### [Exercise goal]
Look through the entries below and copy exactly the part that begins with the line containing "Cm - COSTWAY" and ends with the line containing "Antique Symbolic Holy". Do not copy the pictures.
** Record set follows **
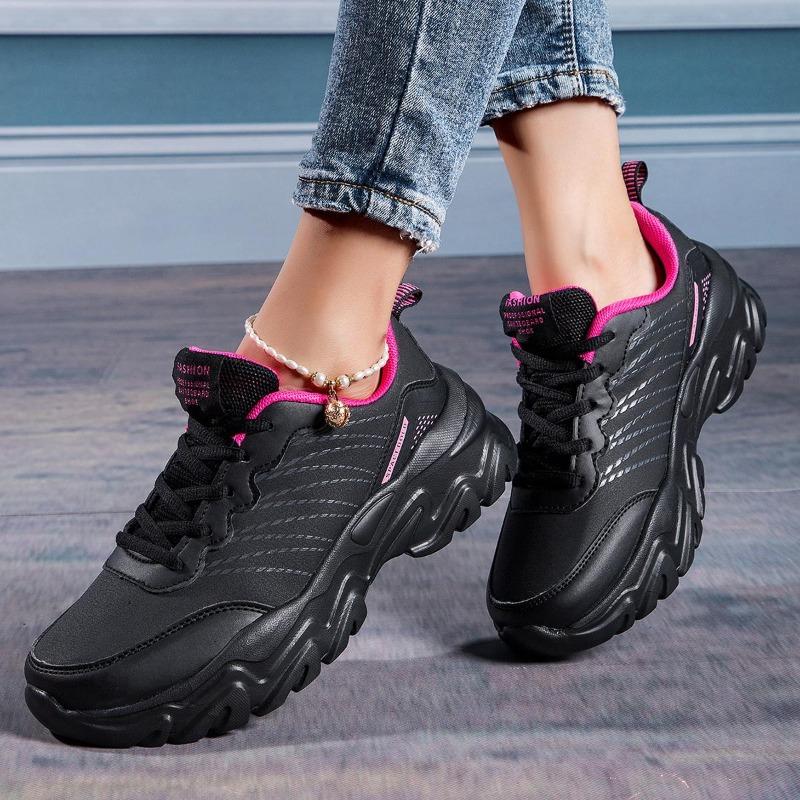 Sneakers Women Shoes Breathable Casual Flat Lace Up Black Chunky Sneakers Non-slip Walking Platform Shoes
** End of Record set **
** Record set follows **
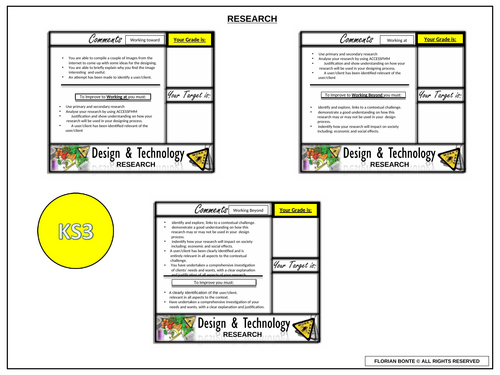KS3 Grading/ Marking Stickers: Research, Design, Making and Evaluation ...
** End of Record set **
** Record set follows **
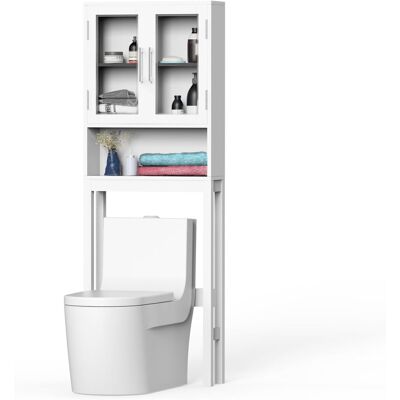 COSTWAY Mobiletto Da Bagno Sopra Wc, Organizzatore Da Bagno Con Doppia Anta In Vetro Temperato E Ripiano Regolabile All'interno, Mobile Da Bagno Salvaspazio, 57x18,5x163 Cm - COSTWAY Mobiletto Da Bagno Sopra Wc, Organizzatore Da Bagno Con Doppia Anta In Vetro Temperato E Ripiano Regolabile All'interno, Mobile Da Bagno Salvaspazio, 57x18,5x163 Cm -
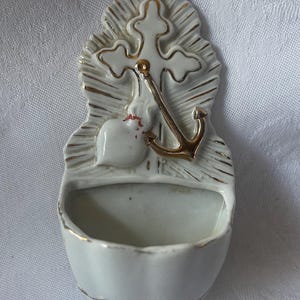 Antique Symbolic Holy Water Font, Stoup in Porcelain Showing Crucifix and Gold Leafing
** End of Record set **
### [Written solution]
 COSTWAY Mobiletto Da Bagno Sopra Wc, Organizzatore Da Bagno Con Doppia Anta In Vetro Temperato E Ripiano Regolabile All'interno, Mobile Da Bagno Salvaspazio, 57x18,5x163 Cm - COSTWAY Mobiletto Da Bagno Sopra Wc, Organizzatore Da Bagno Con Doppia Anta In Vetro Temperato E Ripiano Regolabile All'interno, Mobile Da Bagno Salvaspazio, 57x18,5x163 Cm -
 Antique Symbolic Holy Water Font, Stoup in Porcelain Showing Crucifix and Gold Leafing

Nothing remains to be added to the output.